Friday, August 19, 2016

Terrorists Queuing up at the Border?

Report: Illegal Migrants from Terror-Linked Countries Surging at Southern Border

by Edwin Mora. www.breitbart.com

U.S. officials are trying to establish closer cooperation with various Latin American nations to combat an increase in the number of illegal migrants from Asia, Africa, and the Middle East attempting to sneak into the United States.



Between October 2015 and May 2016, the Customs and Border Protection (CBP) agency, a component of the U.S. Department of Homeland Security (DHS), detained 5,350 African and Asian migrants along the U.S.-Mexico border, according to Reuters.

The apprehensions of illegals from Africa and Asia during that period marks an increase from those that took place in all of 2015 (4,261) and 2014 (1,831).

In its report, Reuters highlighted attempted entries into the U.S. by individuals from Pakistan, Syria, and Afghanistan, which the U.S. considers to be terrorism-linked countries.

Most countries considered by the U.S. government to be linked to terrorism are located in Asia, Africa, and the Middle East. American border authorities are trying to stop the illegal migrants at the Mexico border with Guatemala, before they reach the United States.

Reuters reports:

U.S. agents deployed to an immigration facility on Mexico’s southern border have vetted the more than 640 migrants from countries outside the Americas who have been detained at the center since October 2015, according to U.S. Department of Homeland Security (DHS) documents reviewed by Reuters…

The U.S. agents’ findings come as Mexican immigration data show 6,342 Asian, African and Middle Eastern migrants were apprehended trying to enter Mexico in the first six months of this year. That was up from 4,261 in all of 2015, and 1,831 in 2014.

U.S. border apprehensions point to the same trend. Between October 2015 and May 2016, U.S. agents apprehended 5,350 African and Asian migrants at the U.S. Southwest border. That’s up from 6,126 in all of fiscal year 2015 and 4,172 in all of fiscal year 2014.

“The reality is that the vast majority of the people that Mexico encounters that are extra-continental will eventually end up on our border,” an unnamed official from CBP, told Reuters.

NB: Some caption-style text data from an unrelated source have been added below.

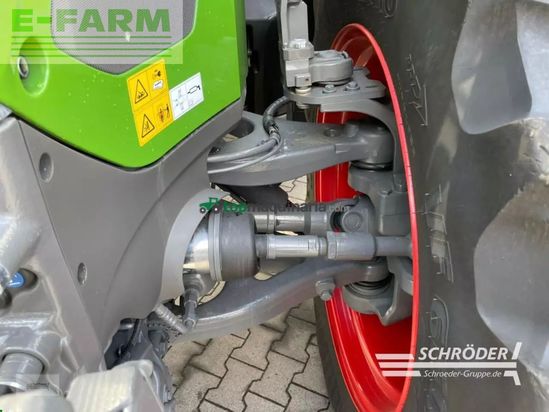 Tractor agrícola - Fendt - 936 vario gen7 profi plus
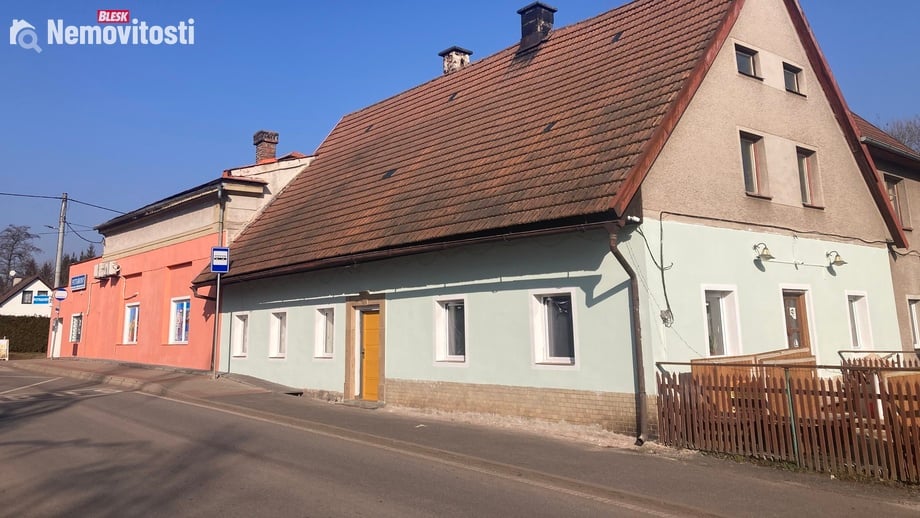 Prodej rodinného domu 460 m², Hejtmánkovice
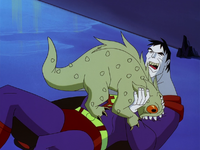 Krypto and Bizarro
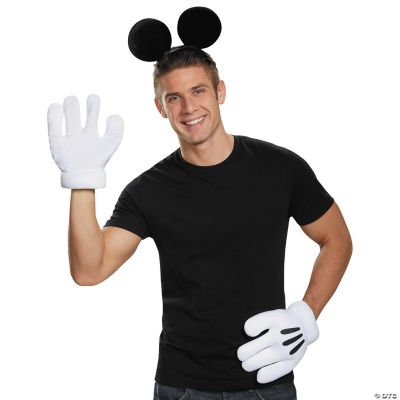 cheap mickey mouse gloves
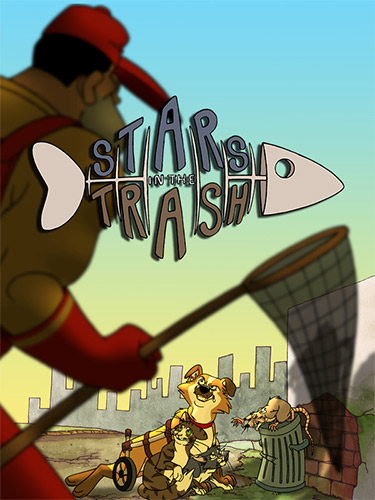 Stars In The Trash: Deluxe Edition [Build 20241208 + DLCs] (2024) PC | RePack from FitGirl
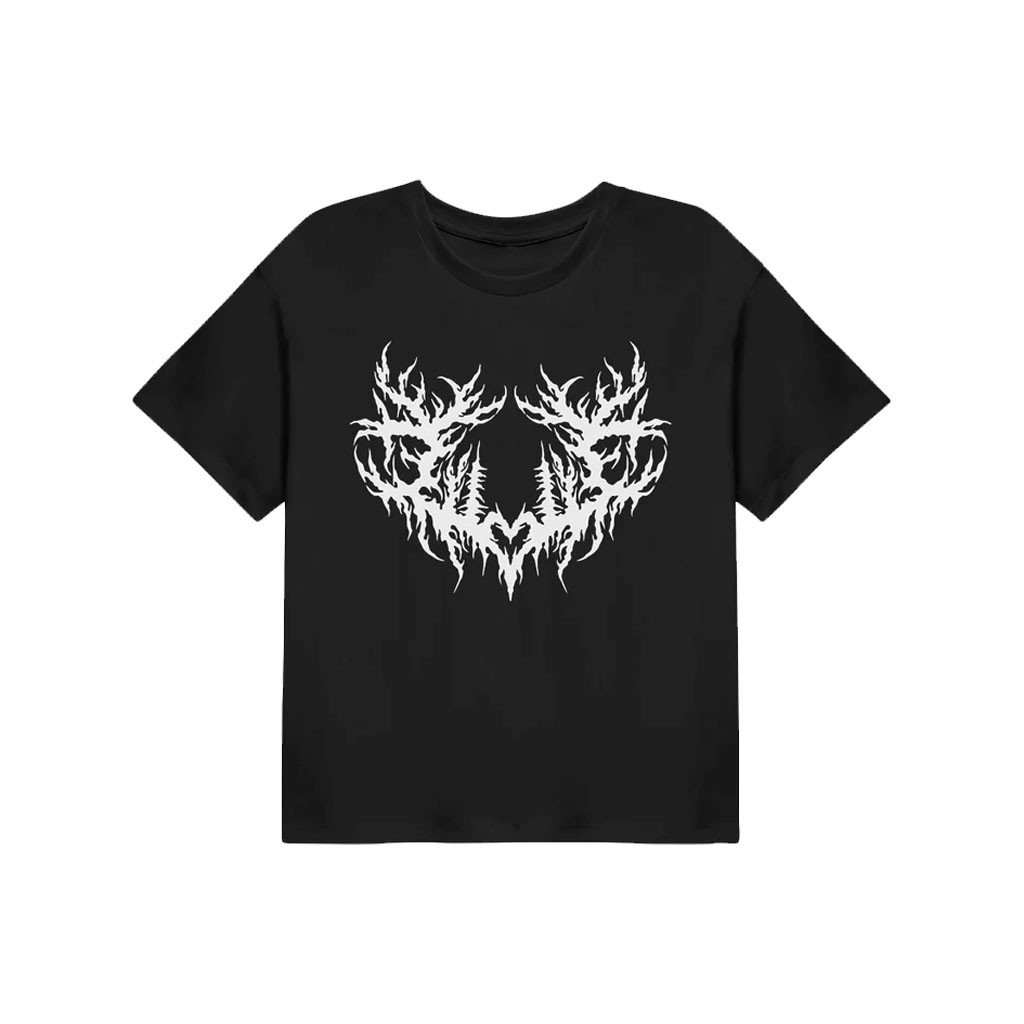 Lorna Shore Merch 2026 Heart Sigil T-Shirt Best Gifts For Band Fans - Kdjoy
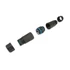 Kép 2/9 - Equip Kültéri RJ45 Toldó - 221172 (Cat6A, árnyékolt, IP68, műanyag)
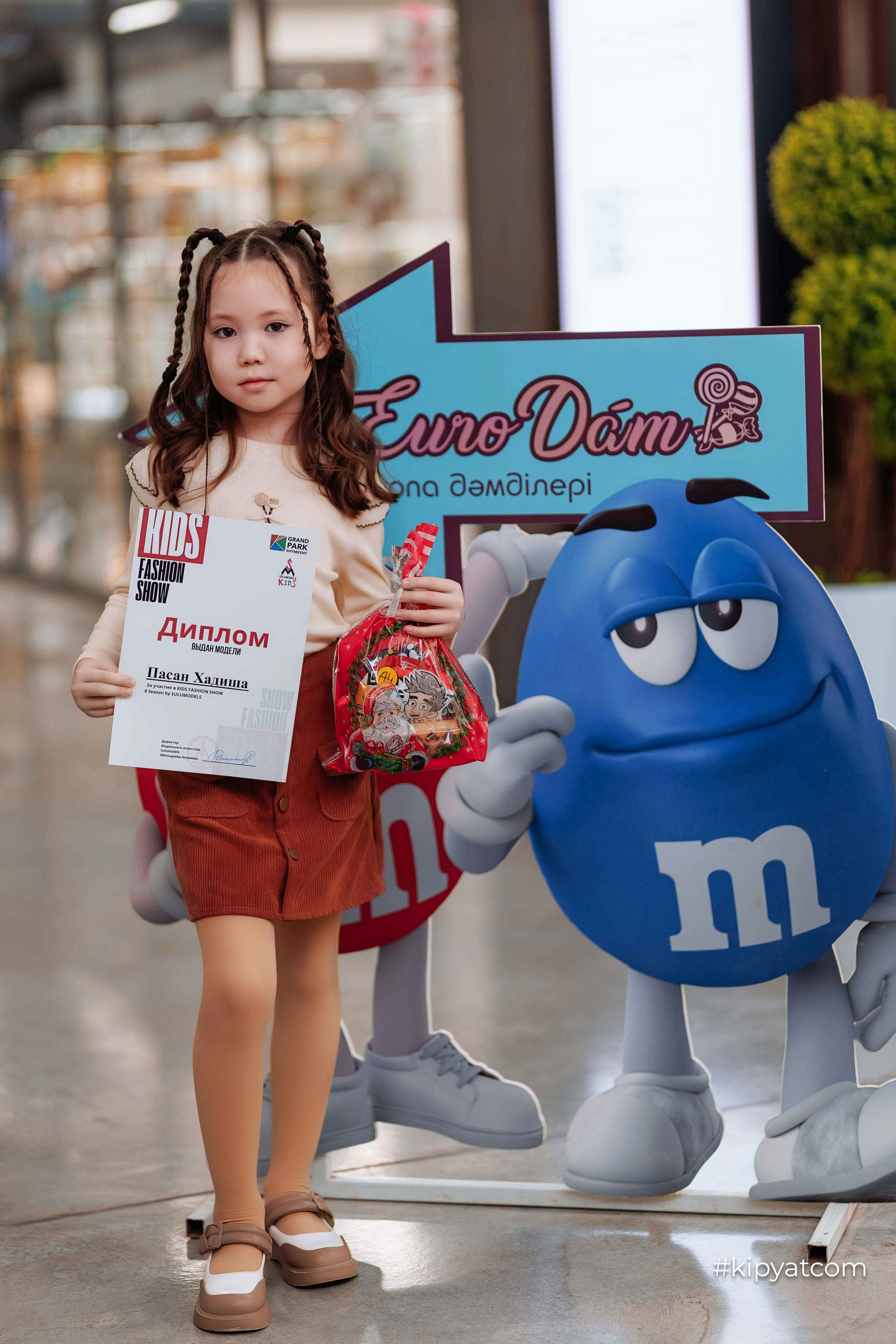 Kids Fashion Show 8 season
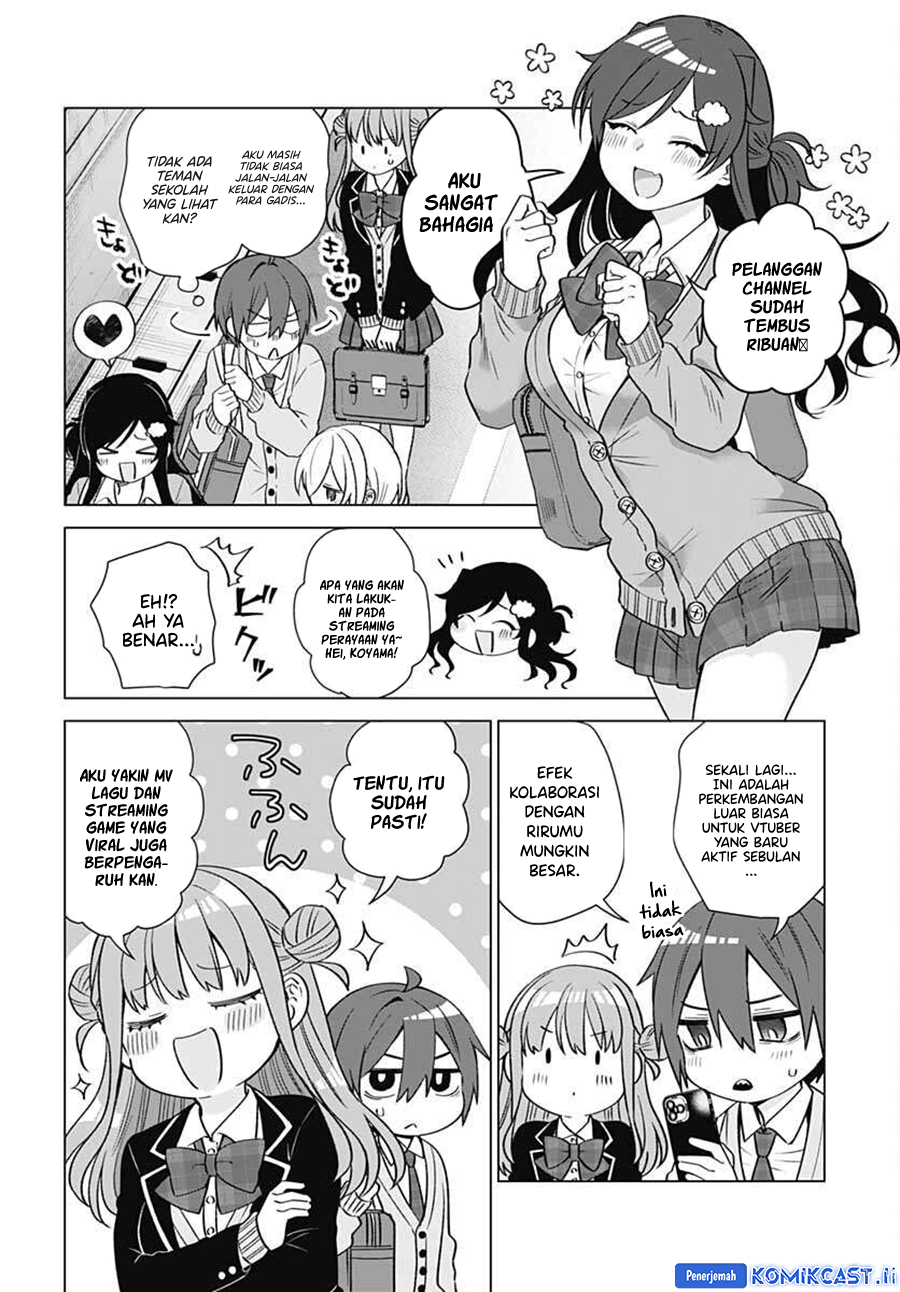 VTuber wa Mama Naranai! Chapter 08 Gambar 6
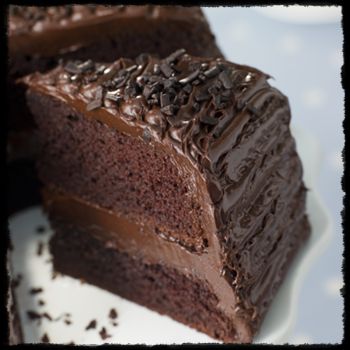 Black Magic Cake Recipe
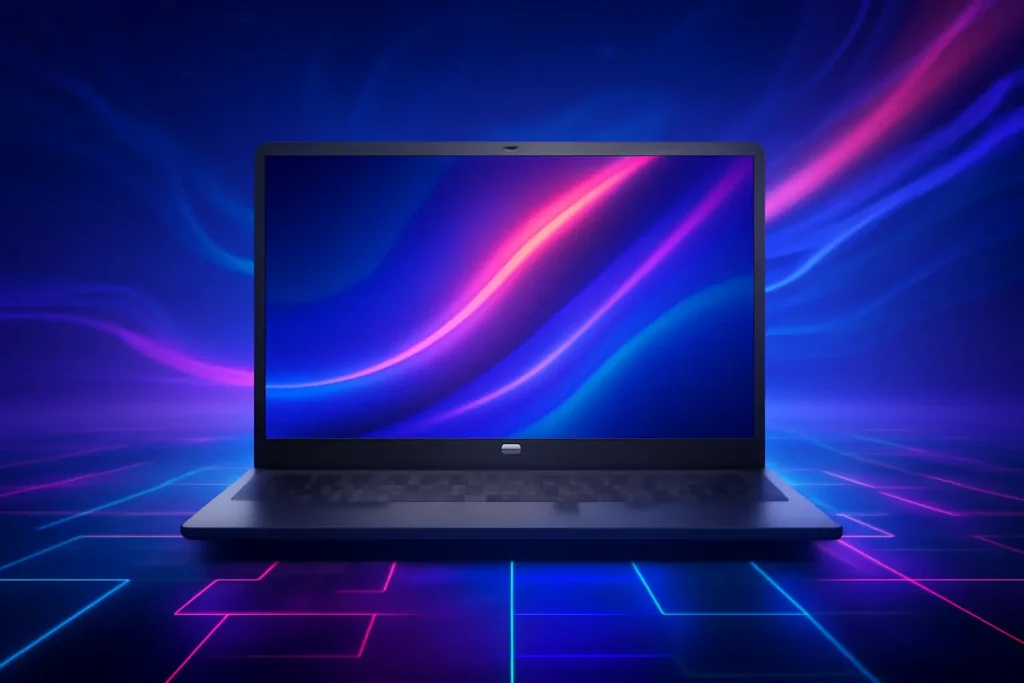 3 Notebooks Dell Inspiron prontos para viagem com bateria duradoura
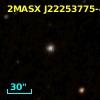 2MASX J22253775-4157163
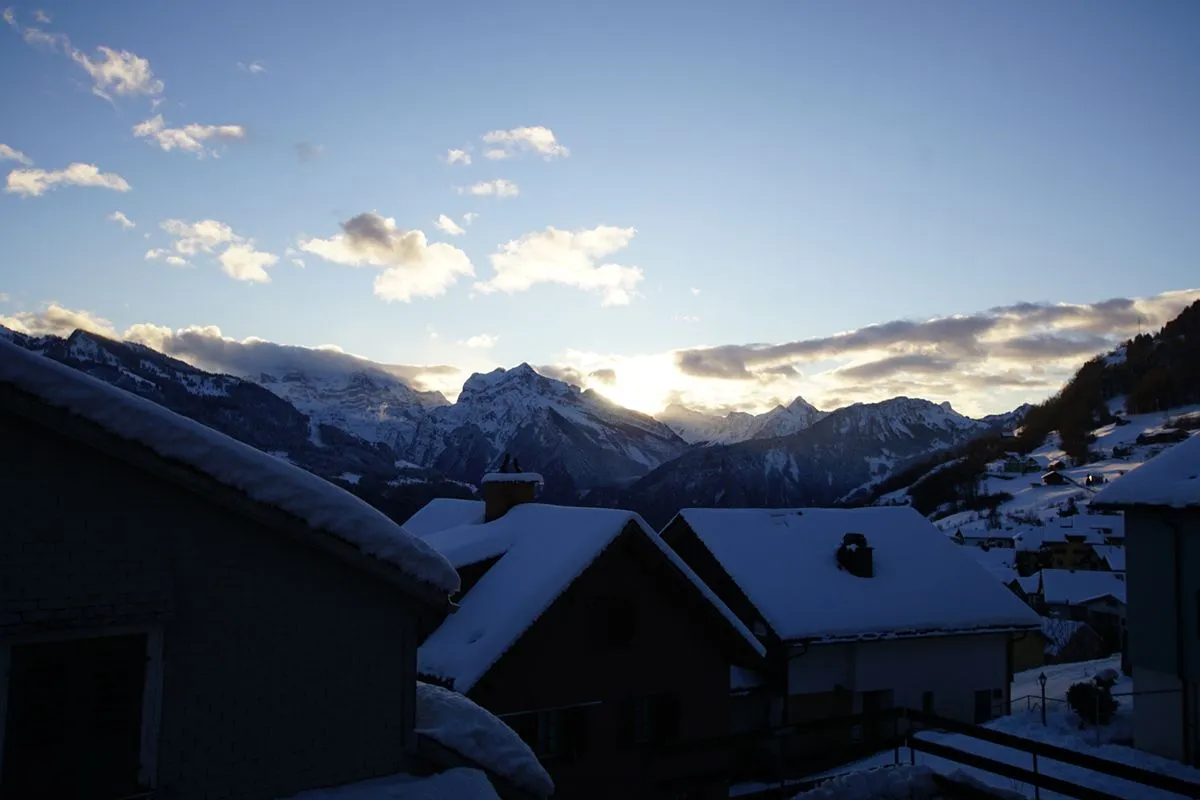 Apartment Heimathus Amden - Mountains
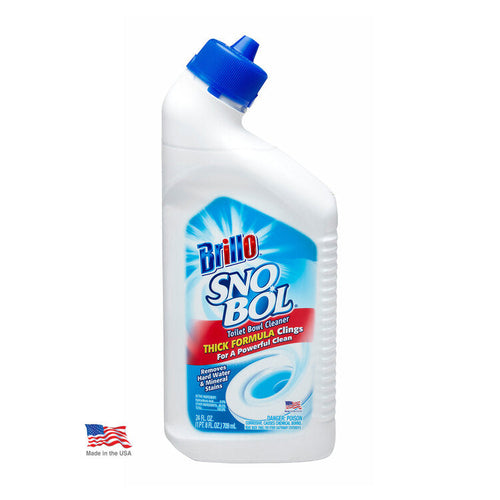 Brillo® SNO BOL®  Toilet Bowl Cleaner (24 oz)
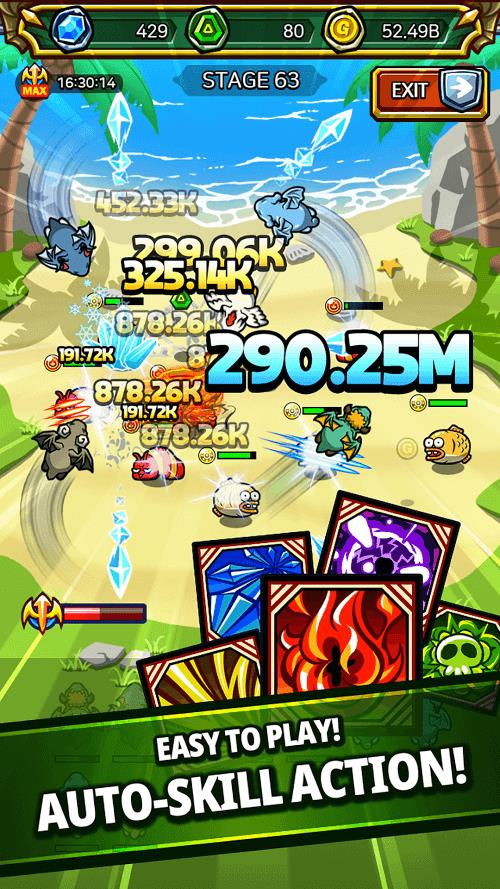 Ultimate Dragon Master Screenshot3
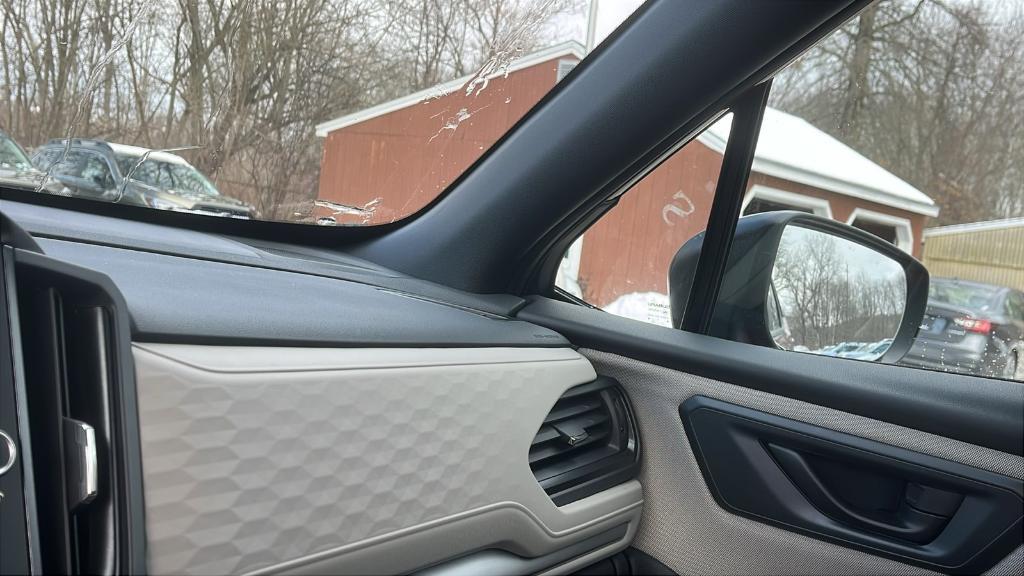 new 2026 Subaru Forester car, priced at $32,349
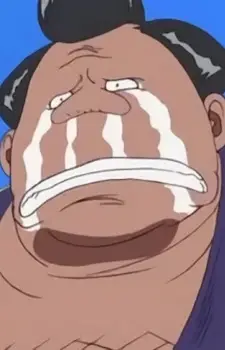 Gambar Karakter Anime: Kamyu's Fellow Wrestler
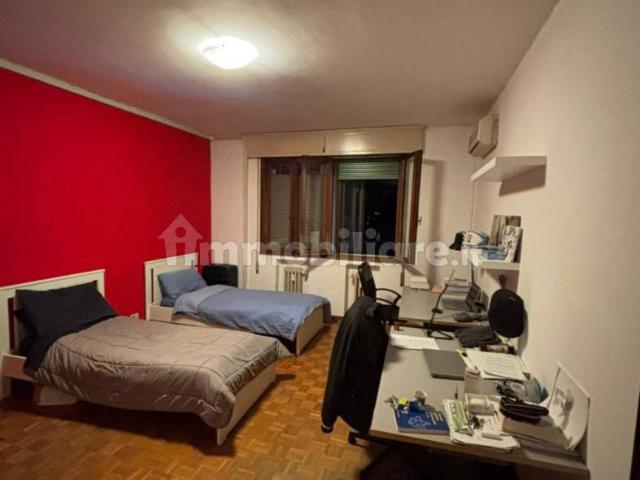Posto letto in doppia via Alberto Cavalletto 24, Padova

The Reuters report came soon after Central American authorities dismantled a human trafficking network dedicated to smuggling illegal migrants into the United States from terror-linked countries in Africa, Asia and the Middle East.

Moreover, the top American military official in Latin America and the Caribbean, U.S. Southern Command (SOUTHCOM) chief Navy Adm. Kurt W. Tidd, recently warned that there are various networks in his area of responsibility that specialize in trafficking illegals into the United States from countries affiliated with terrorism.

He noted that both the Shiite Lebanese terror group Hezbollah, an Iranian proxy, and the Sunni Islamic State (ISIS/ISIL) are known to operate in the region.

Reuters points out:

Washington is seeking closer coordination with several Latin American countries to tackle a jump in migrants from Asia, Africa and the Middle East who it believes are trying to reach the United States from the south on an arduous route by plane, boat and through jungle on foot…

The migrants often fly to Brazil, obtain fake passports there, and are smuggled to Panama before heading through Central America to Mexico’s porous southern border, according to transcripts of 14 interviews conducted at the center and other internal briefing documents seen by Reuters…

U.S. concerns about potential security risks from migrants using the unusual and circuitous southern route have been growing in recent years, following a string of Islamic State-inspired attacks in the West and the surge in Syrian refugees fleeing that country’s civil war.

Breitbart Texas previously released leaked documents from CBP showing that hundreds of individuals from 75 countries outside the Americas, including some compromised by terrorist organizations, were attempting to sneak into the United States through the southern border.